Segment Open

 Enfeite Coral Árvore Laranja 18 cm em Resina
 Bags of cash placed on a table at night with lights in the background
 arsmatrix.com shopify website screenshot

Segment Closed

### About this task
Nothing should appear in the answer except the lines from the one containing "Bags of cash" to the end of the data above, reproduced exactly.

### Solution to this task
 Bags of cash placed on a table at night with lights in the background
 arsmatrix.com shopify website screenshot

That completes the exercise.